LOS QUE SE OCULTAN

Por Liliana Quiroz Zavala
Ciudad de México (Aunam). La plaza Perisur se yergue imponente desde sus mil novecientos ochenta metros de altura constituyendo uno de los centros comerciales más importantes del país. Liverpool, Sears y El Palacio de Hierro se aglomeran para aparentar una enorme caja de cristal en donde son posibles los sueños. A las once de la mañana, las puertas eléctricas de vidrio templado reciben a los exitosos, a los elegantes. Por los pasillos andan los que pueden comprarlo todo y los que se conforman sólo con ver detrás de los aparadores.


Los compradores hablan el lenguaje del dinero: “mamá, éstos están de oferta” asegura una adolescente que busca entre los jeans unos de su talla; “¿y si vamos a ir por mi reloj swatch? reclama un niño pequeño de cabellos rojos; “Alberto me dijo que hoy en L’Occitane había descuentos”, advierte una mujer a otra. El ambiente se ha transformado en los almacenes, la moneda es la conversación. Aún con los pasillos luminosos, la excitación por el consumo enturbia la visión y la realidad de los que trabajan ahí se oculta tramposamente.

Una barrera de piedras volcánicas que adorna el estacionamiento de la plaza dibuja otra entrada: la pendiente por la que pasan los trabajadores de Perisur. Un túnel ancho, que poco a poco se oscurece, deviene en una bodega húmeda y fría donde los sonidos del exterior se resguardan y se simulan puertas entre las paredes desgastadas. La zona de descarga número cuatro es la ruta de acceso de los que sostienen la mole gigantesca de placeres deliciosos, glamour y status.

Pasan por ahí los uniformados identificados con gafetes: intendentes, basureros, cocineros, cargadores. A los que dicen “estoy para servirle” les corresponde otra forma de entrar y salir. La casa de cristal los divide, haciéndolos invisibles. Es casi imposible verlos en medio de tantas distracciones. Los almacenes y las marcas se apoderan del espacio, transformando las caras humanas que recorren los pasillos en ojos cegados por las cosas. Inconsciente, la indeferencia se apodera de su andar y la historia de los que trabajan ahí queda escondida.

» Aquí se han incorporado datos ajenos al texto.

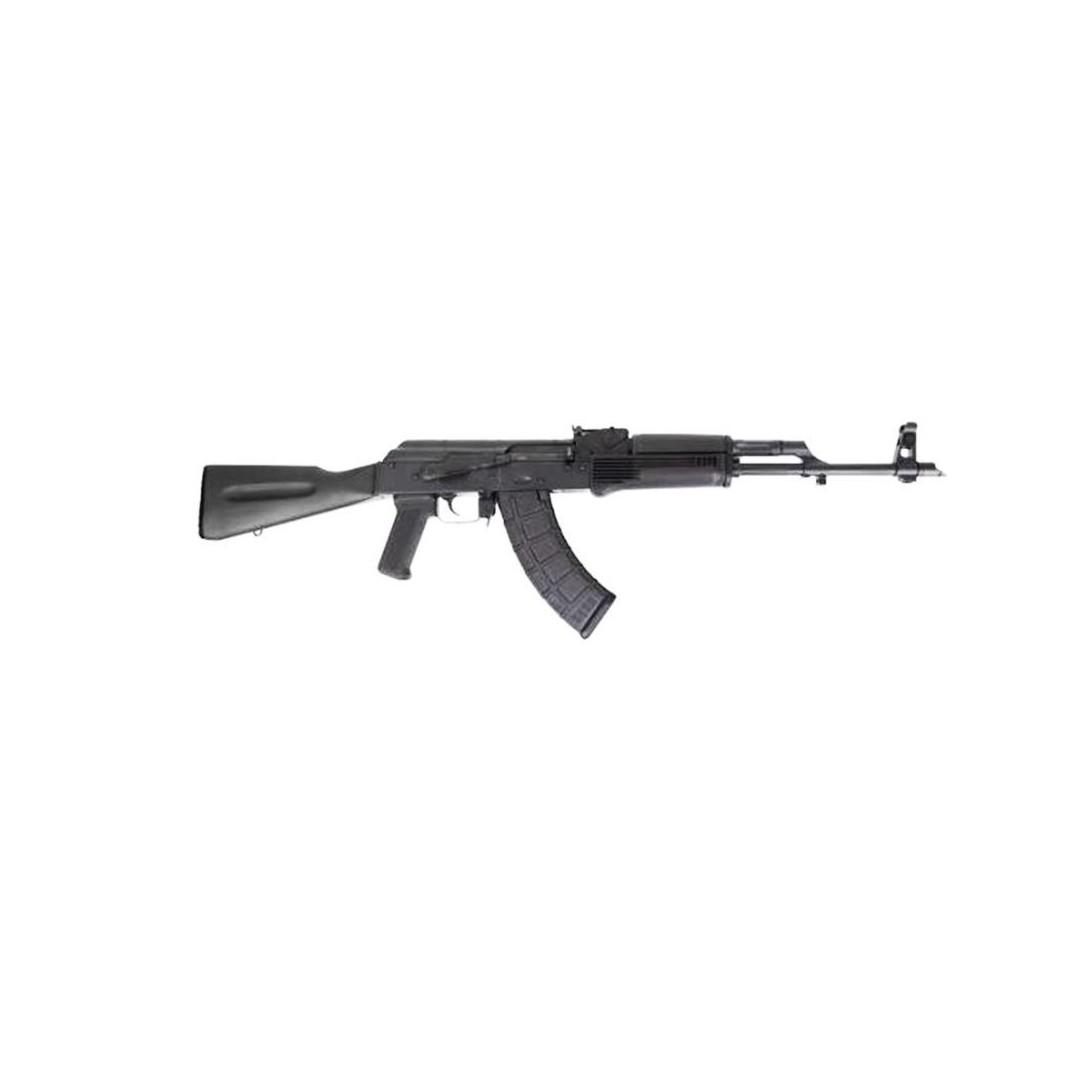 DPMS Anvil AK-47 7.62x39mm 30-Round Forged Rifle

Sin embargo, ahí están ellos. Llegaron antes que los otros. Entraron por la puerta oscura para dejarlo todo listo antes de las once de la mañana. Descargan, limpian, ordenan, barren, trapean, acomodan. Su condición no les permite ir con la mirada distraída: tienen las caras bajas y en su actitud hay resignación y disciplina.

Los trabajadores de las tiendas juegan un papel distinto: tuestan el café, hacen el pan, acomodan los zapatos, planchan la ropa, friegan los pisos, controlan la seguridad, recogen la basura, obedecen órdenes, producen, ríen y callan.

Los compradores pueden y merecen todo mientras las manos invisibles hacen su trabajo. Para ellos no sirven los descuentos, las ofertas, los miles de artículos claves para la felicidad. Producen las cosas que otros disfrutan, pero no merecen todo lo exhibido en los aparadores.

“Sin los trabajadores no existirían los ferrocarriles, los automóviles, los coches. Nada de lo que es útil al hombre existiría sin los trabajadores” dijo alguna vez el luchador social yucateco Felipe Carrillo Puerto. En sus palabras había un intento de reconocimiento desesperado para los que llevan a cuestas la riqueza humana. En la caja de cristal, hay un fragmento de esa historia que tímidamente se oculta entre las sombras.